### Exercise description
Return exactly the lines from the "Gray D Albion Thi235 Apartment Cannes" line through the last line of the entries below. Include no pictures.

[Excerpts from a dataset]
= Beginning of Section =

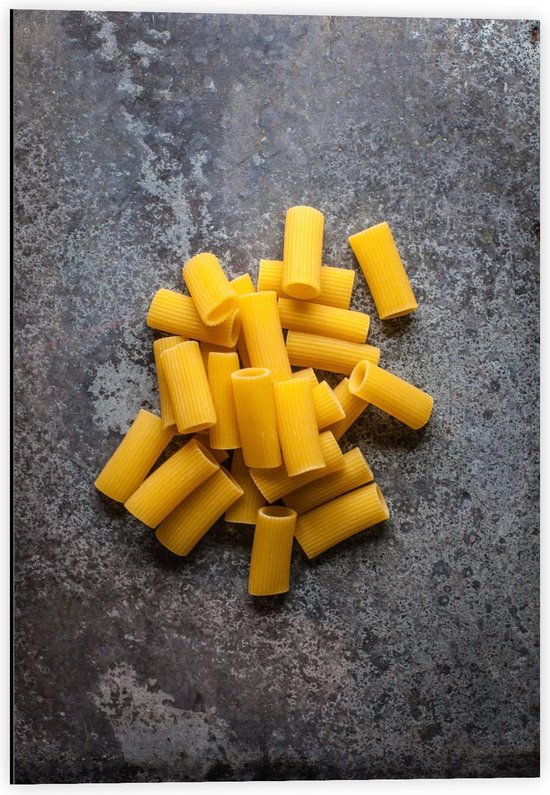 Dibond - Macaroni op de Tafel - 40x60cm Foto op Aluminium (Met Ophangsysteem)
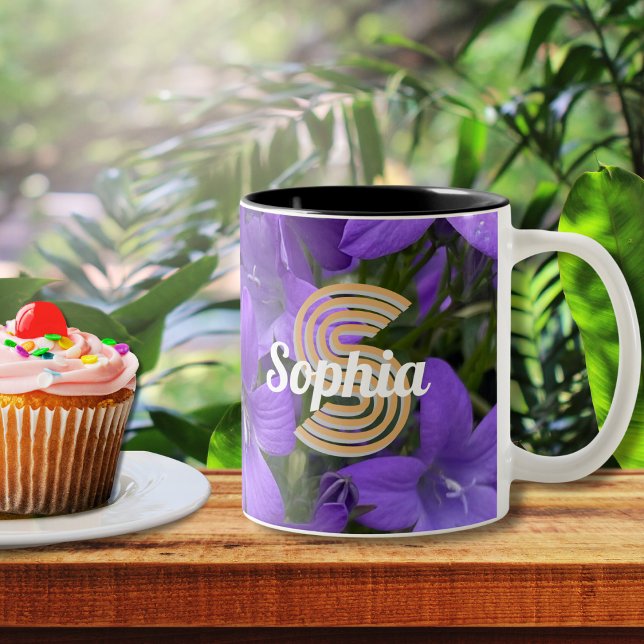 Caneca De Café Em Dois Tons Flores de Campânula Roxas Monograma Floral (A pretty monogrammed mug for garden lovers, with a purple campanulas floral design.)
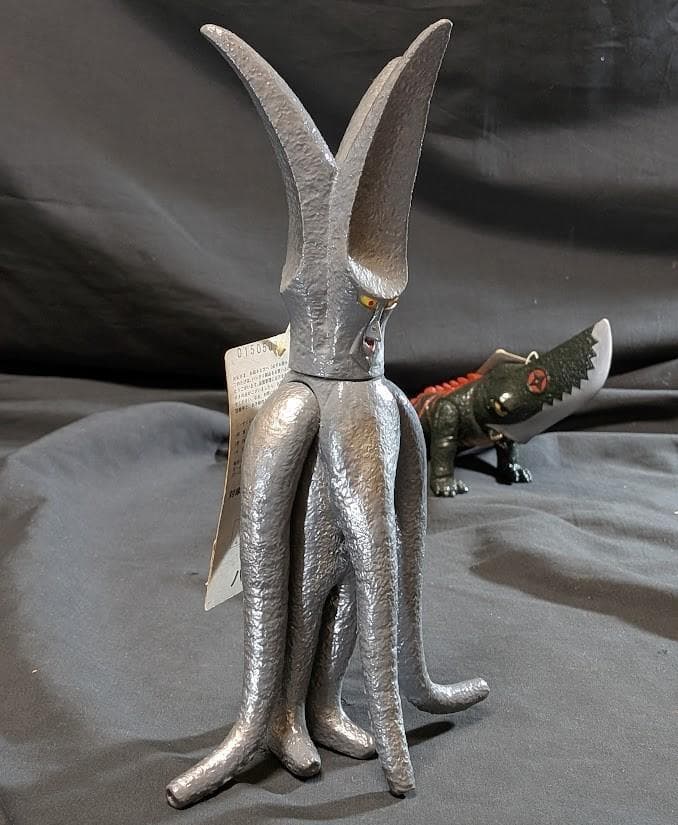 ギロン＆バイラス 昭和ガメラ登場怪獣（バンダイ）タグ付ソフビフィギュア２体セット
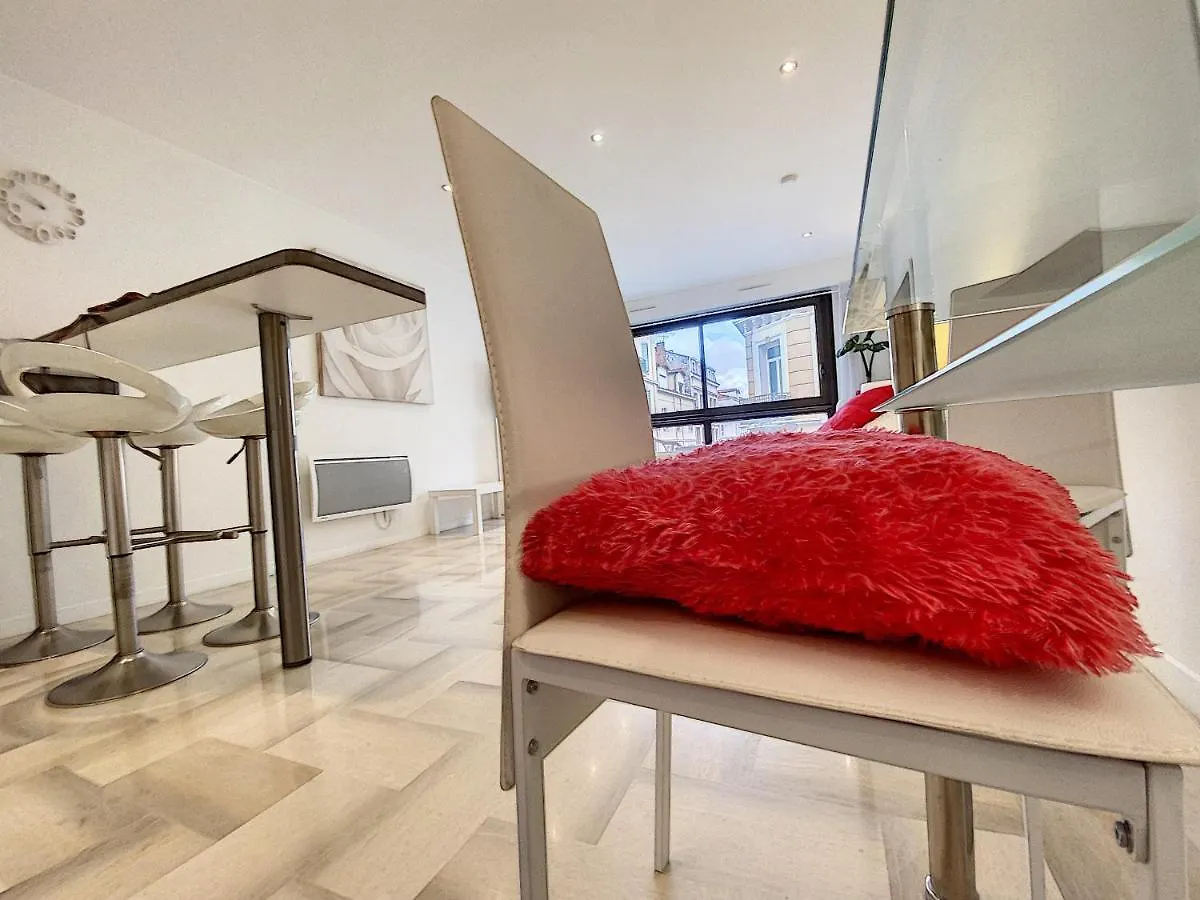 Gray D Albion Thi235 Apartment Cannes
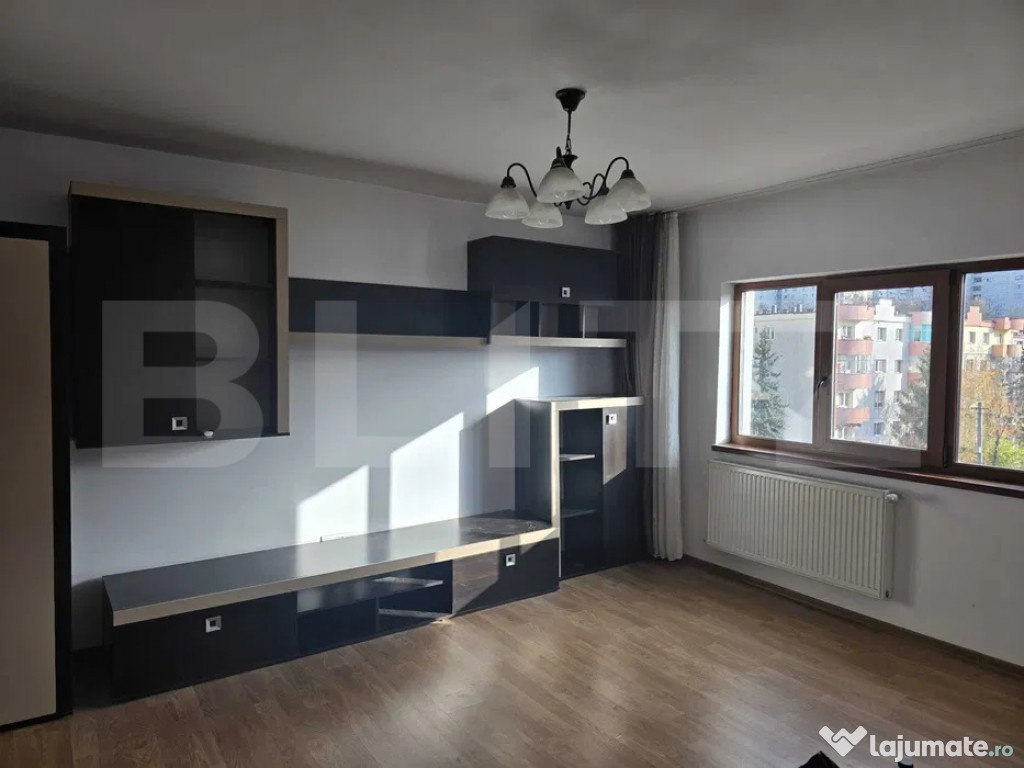 Apartament 3 camere, 74 mp, 2 balcoane, et intermediar, la c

= End of Section =

### Task response
 Gray D Albion Thi235 Apartment Cannes
 Apartament 3 camere, 74 mp, 2 balcoane, et intermediar, la c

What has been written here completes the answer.